Another surprise is the way in which the comet would suddenly grow brighter and then return to its usual brightness within an hour or so.

"The surface of Hale-Bopp's nucleus must be an incredibly dynamic place, with new 'vents' being turned on, possibly triggered by the rotation of an icy region into sunlight, and then turned off again," Weaver said.

Also surprising is the way in which various types of ices are being vaporized. A well-accepted cometary model suggests that dust particles and various chemical compounds, such as carbon dioxide and carbon disulfide, are all contained inside frozen water. As the comet nears the sun, it heats up, vaporizing the water and releasing other material and dust particles that were contained in the ice. The dust is spewed off in a huge tail extending millions of miles, reflecting sunlight and brightening the comet.

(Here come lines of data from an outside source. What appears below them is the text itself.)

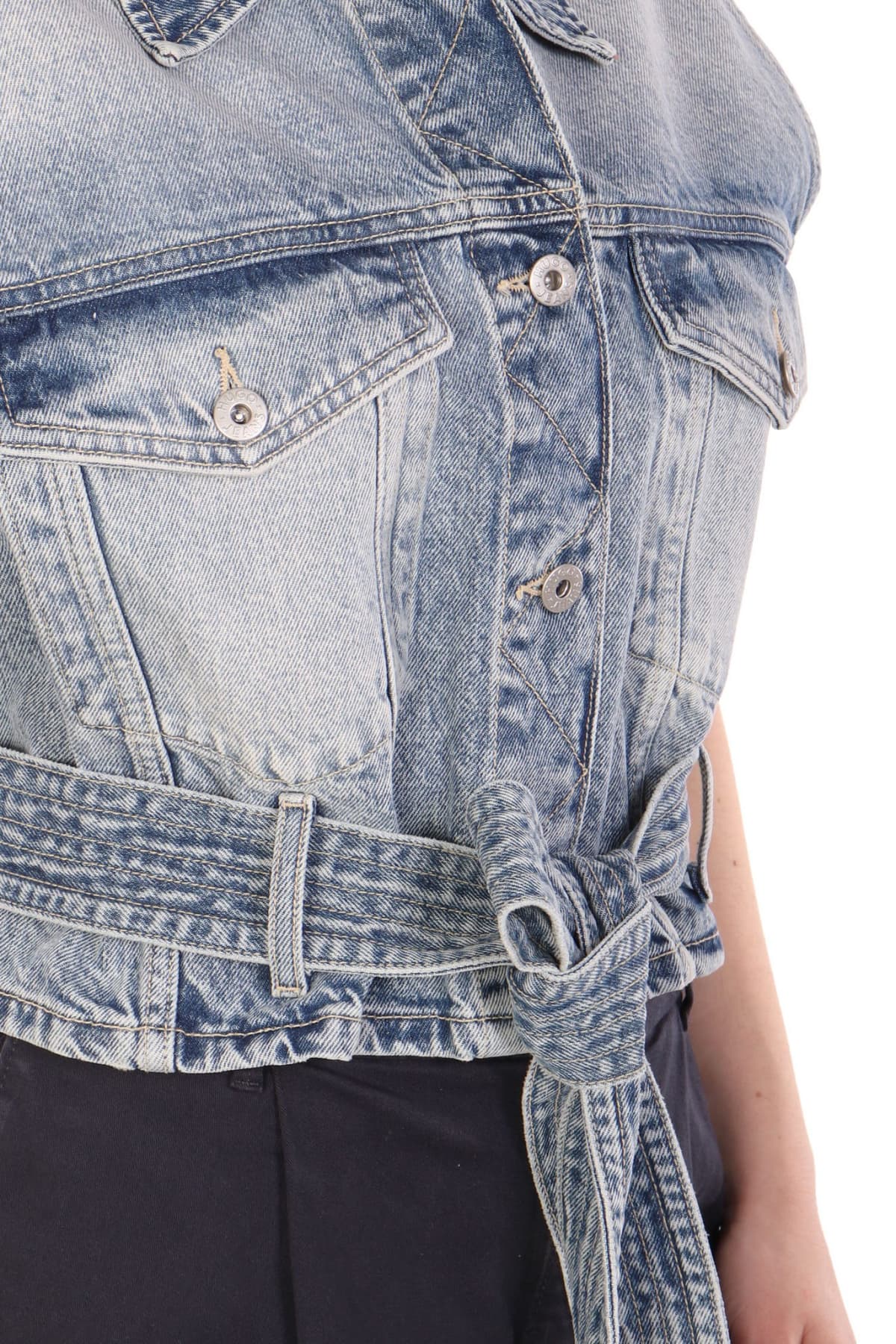 HUGO BLUE JACKET JEANS GARMONIA_B ΑΜΑΝΙΚΟ ΜΕ ΖΩΝΗ ΜΠΛΕ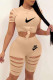 Khaki Fashion Casual Print Ripped O Neck Short Sleeve Two Pieces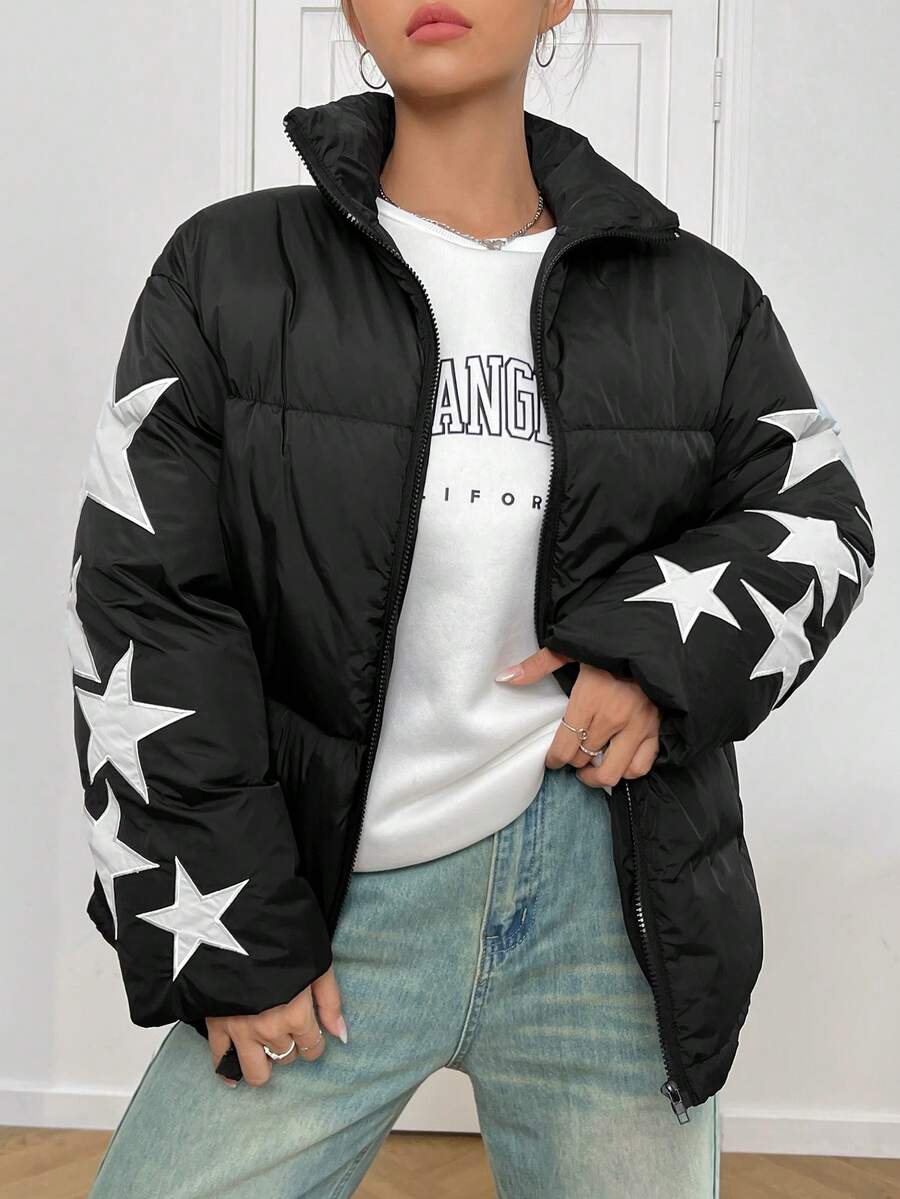 SHEIN EZwear 星星图案拉链衬垫大衣 - 黑色 - 查看 1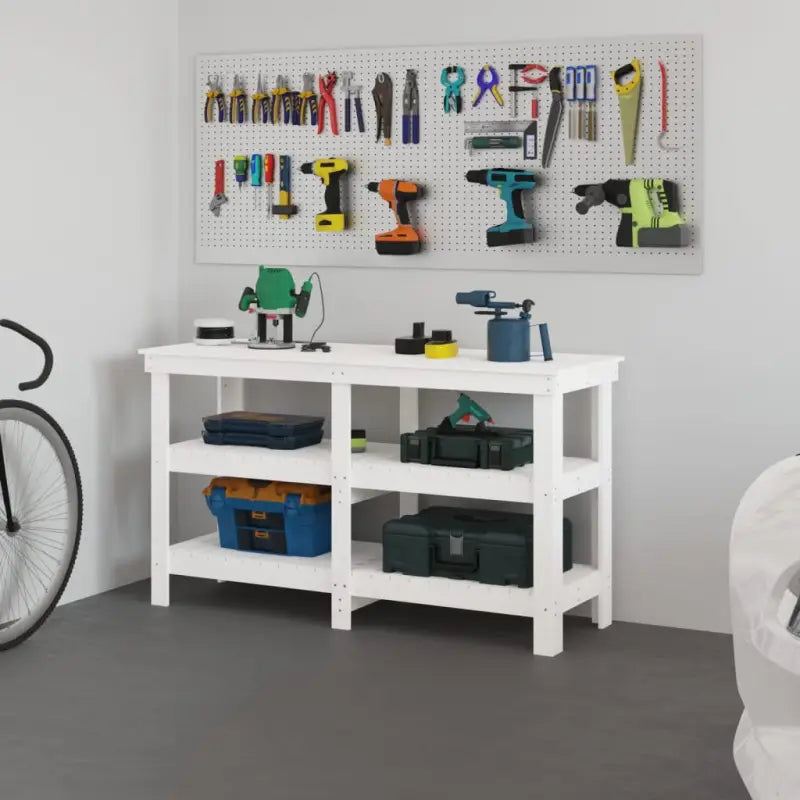 Houten werkbank van massief grenenhout voor een rustieke uitstraling - Wit / 142.5 x 50 x 80 cm / 1 - Werkbanken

But their observations have astronomers wondering about that model. They found that various chemicals have been vaporizing independently of water. While the vaporization rate of water increased more than 10-fold between April and October 1996, there was only a twofold increase in the rate of dust being released.

If the model were correct, water, dust and the other components should be released at relative rates.

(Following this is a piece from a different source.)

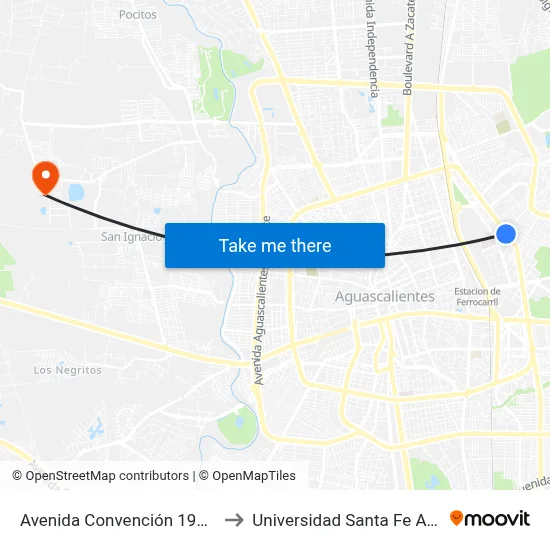 Avenida Convención 1914 Oriente, 901 to Universidad Santa Fe Aguascalientes map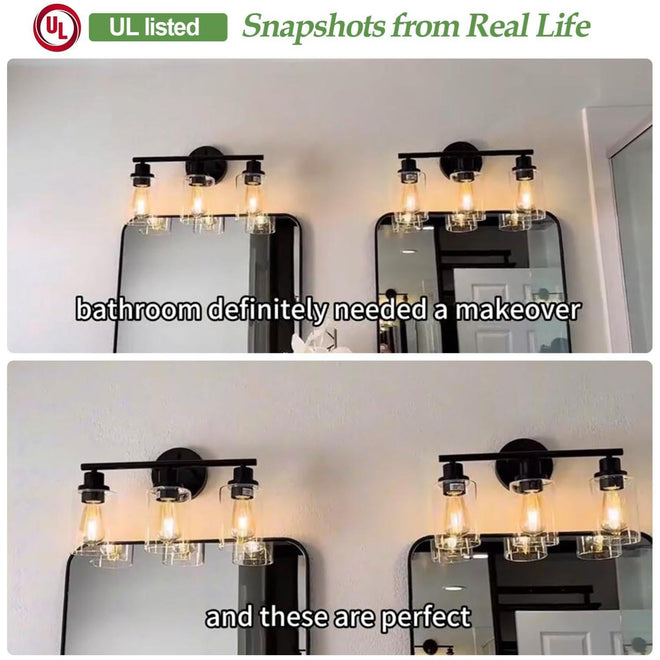 3-Light Bathroom Light Fixtures, Black Bathroom Wall Lights, Modern Bathroom Vanity Light with Clear Glass Shade, Bathroom Wall Lamp for Mirror Kitchen Bedroom Living Room 🍁 All In One Marketplace Canada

"The poor correlation between the water and dust production suggests that much of the dust and water might be coming from physically different regions of the nucleus," Weaver said. "Similarly, carbon disulfide may be coming from yet another patch. Some of these effects have been observed in other comets. But Hale-Bopp will probably provide the most revealing portrait of the workings of a cometary nucleus since the spacecraft missions to comet Halley in 1986."

Of comets
and asteroids

Comets and asteroids are similar in that they are both believed to be left over from the formation of the solar system, about 4.6 billion years ago.

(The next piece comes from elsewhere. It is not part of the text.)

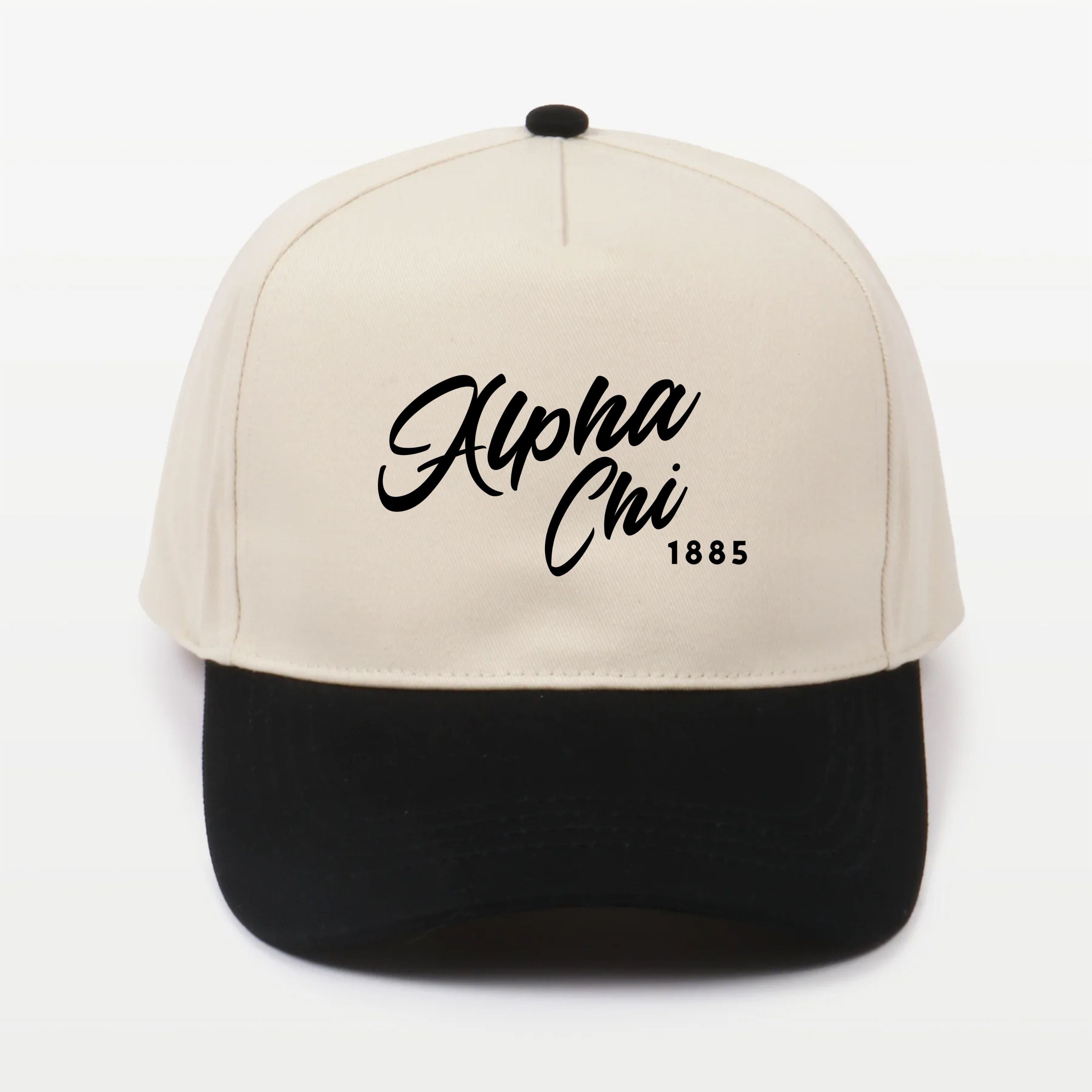Alpha Chi Embroidered Two-Tone Baseball Cap - Script 1885 | AXO Gifts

A swirling cloud of gas and dust initially produced a rocky material, which coagulated into larger and larger bodies that merged to form the planets.

But not all the material went into building the planets. Some bodies, called asteroids, inhabit a vast belt located between the orbits of Mars and Jupiter. Because of their relative closeness to the sun, they formed hot, vaporizing lighter substances, such as water, leaving behind dried-out rocky hulks.

But other leftover bodies, called comets, were formed from material located much farther from the sun, outside the orbits of Uranus and Neptune. Because they coalesced so far away, comets were born cold, at temperatures as low as minus 260 degrees Celsius, or about minus 435 degrees Fahrenheit.

Therefore, they have been preserved over billions of years, perhaps harboring some of the original material from which the solar system formed, whereas the planets have undergone major changes over time from geological, thermal and atmospheric processes.

Comets have been called "dirty snowballs" because they contain dust mixed with frozen compounds, including water, carbon dioxide and carbon disulfide. But asteroids are like the dirt in the snowball, without the icy components.

Comets come from two regions in the outer solar system. One region is a disk of bodies called the Kuiper belt, located outside the orbit of Neptune. The other region, called the Oort cloud, is much larger and may extend to 9 trillion miles from the sun, nearly halfway to the nearest star, Alpha Centauri. Comets in the Oort cloud sometimes end up in orbits that take them into the inner solar system when they are jostled out of place by the gravitational field of a star, or a giant molecular cloud, from which new stars form. Scientists believe that is what happened to comet Hale-Bopp at least 30,000 years ago. It takes roughly 3,000 years to complete one orbit, which extends from outside the orbit of Pluto to about 85 million miles from the sun.

Another class of comets, called "short-period" comets, take less than 200 years to complete an orbit around the sun and are thought to have originated in the Kuiper belt.

Comets and asteroids do occasionally hit the Earth, but asteroids are considered more dangerous than comets. That's because the asteroid belt is so full that they collide with one another, throwing off debris that can end up in unstable orbits, hitting the innermost planets, including Earth.